Start of Data extract
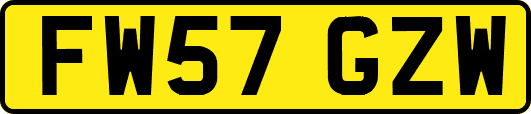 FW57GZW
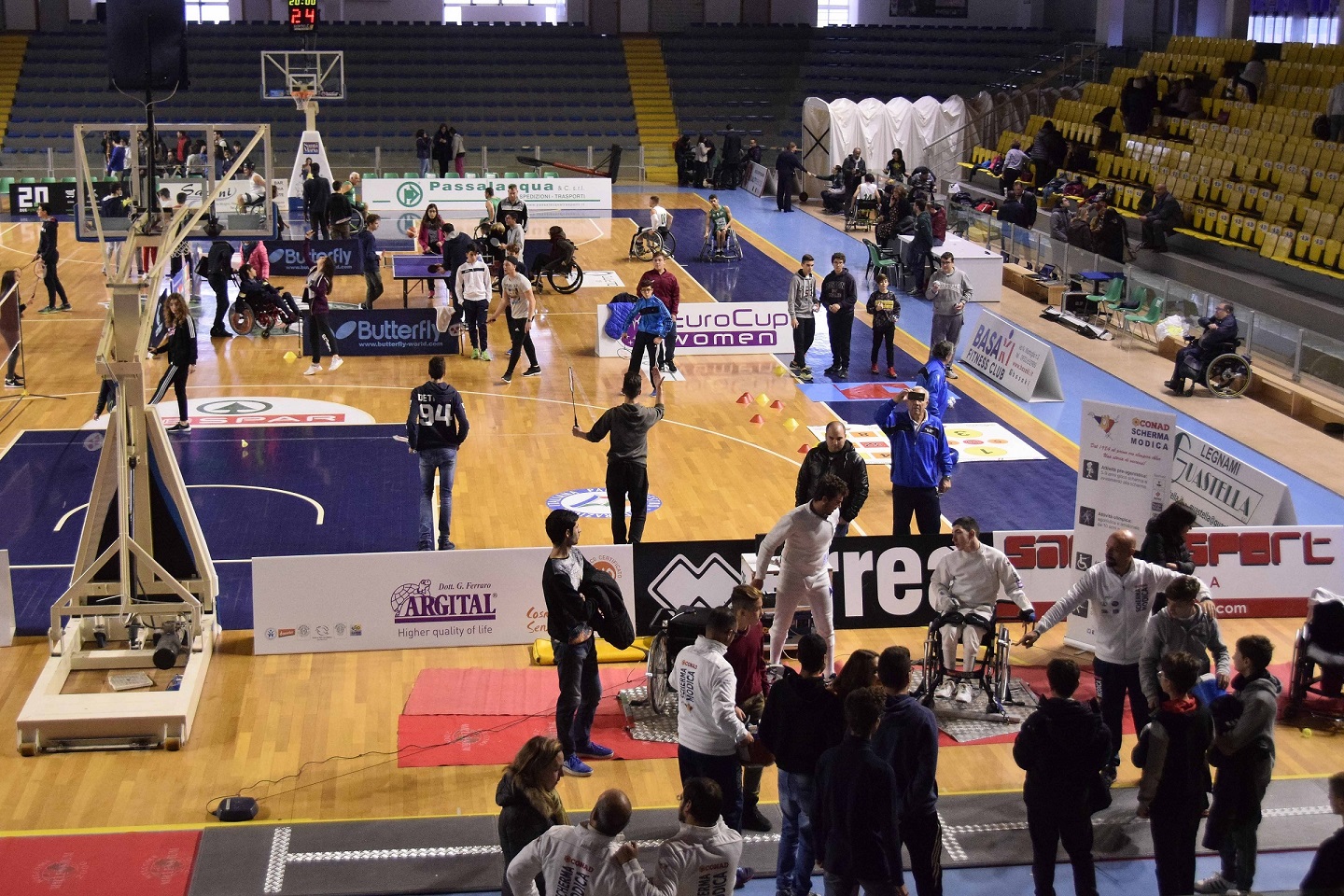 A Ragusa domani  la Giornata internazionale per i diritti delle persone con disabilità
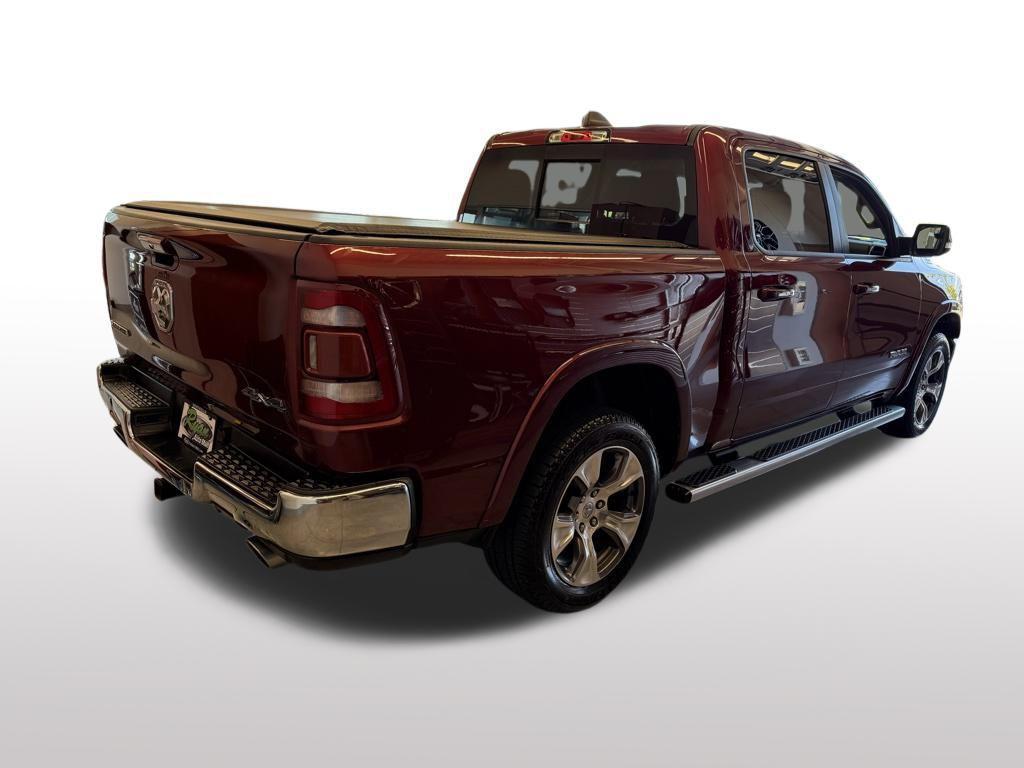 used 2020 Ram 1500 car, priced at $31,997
End of Data extract
What the exercise asks — Make an exact copy of the listing above. Its pictures are not needed.

Written answer —
 FW57GZW
 A Ragusa domani  la Giornata internazionale per i diritti delle persone con disabilità
 used 2020 Ram 1500 car, priced at $31,997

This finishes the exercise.